Sunday, 24 January 2016

Mother Styles

One hallmark of French haute cuisine has always been its dizzyingly huge and diverse range of sauces. One of the first attempts to impose some sort of order on the whole proceedings was made by the great 19th Century chef Marie-Antoine Carême - the Heston Blumenthal of his day - who determined that in fact, a great many of them could be seen as being derived from four "mother sauces" - espagnole, velouté, allemande, and béchamel. Under this system, a Mornay sauce could be described as a béchamel with cheese and an egg yolk added, while a sauce chasseur was a sauce espagnole beefed up with mushrooms and shallots.

Carême's original list has been modified over the years - sauce allemande has been demoted to be a derivative of velouté, while sauce tomate and sauce hollandaise have been added - but the idea of the mother sauces remains one of the foundations of French cooking, and mastering them is an essential element of a French chef's education.

I've recently started to wonder whether a similar approach could also help a beginner homebrewer like me to navigate the maze of beer styles and recipes. Rather than starting from scratch with every style and every recipe that we try to brew, can we look at a lot of them as being basically variants on another style that we've already tried? Does beer have "mother styles"?

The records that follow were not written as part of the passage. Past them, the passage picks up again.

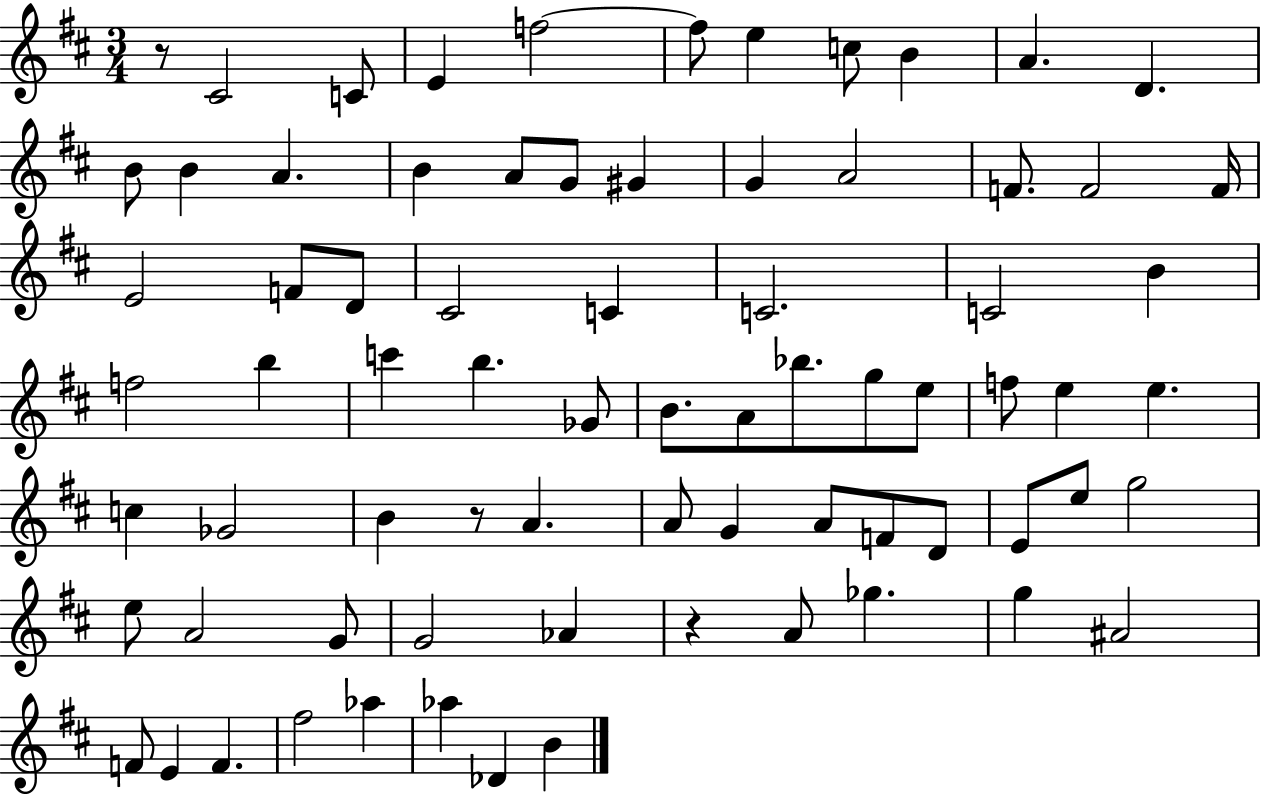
X:1
T:Untitled
M:3/4
L:1/4
K:D
z/2 ^C2 C/2 E f2 f/2 e c/2 B A D B/2 B A B A/2 G/2 ^G G A2 F/2 F2 F/4 E2 F/2 D/2 ^C2 C C2 C2 B f2 b c' b _G/2 B/2 A/2 _b/2 g/2 e/2 f/2 e e c _G2 B z/2 A A/2 G A/2 F/2 D/2 E/2 e/2 g2 e/2 A2 G/2 G2 _A z A/2 _g g ^A2 F/2 E F ^f2 _a _a _D B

What constitutes a mother style would probably vary from person to person - an American hophead might see US IPA and American Amber as mother styles in their own right, whereas I treat them as basically derivative of American Pale Ale - but at the moment, most things that I brew are basically variants on one of:

  • American Pale Ale
  • Euro-hopped Blonde Ale
  • Porter
  • ESB
  • Saison.

That isn't to say that I have a single APA recipe that I tweak when I want an American Amber or a US IPA, but it does seem helpful that when I brew one of those things, rather than thinking about stuff that I already know and about new lessons that I learn as being specific to that style, I can think about them in the broader context of American Pale derived beers. Similarly, for anything dark and roasty I can start off by thinking about how I'd get there from Porter.

Does this way of thinking ring bells with anyone else? What would your "mother styles" be?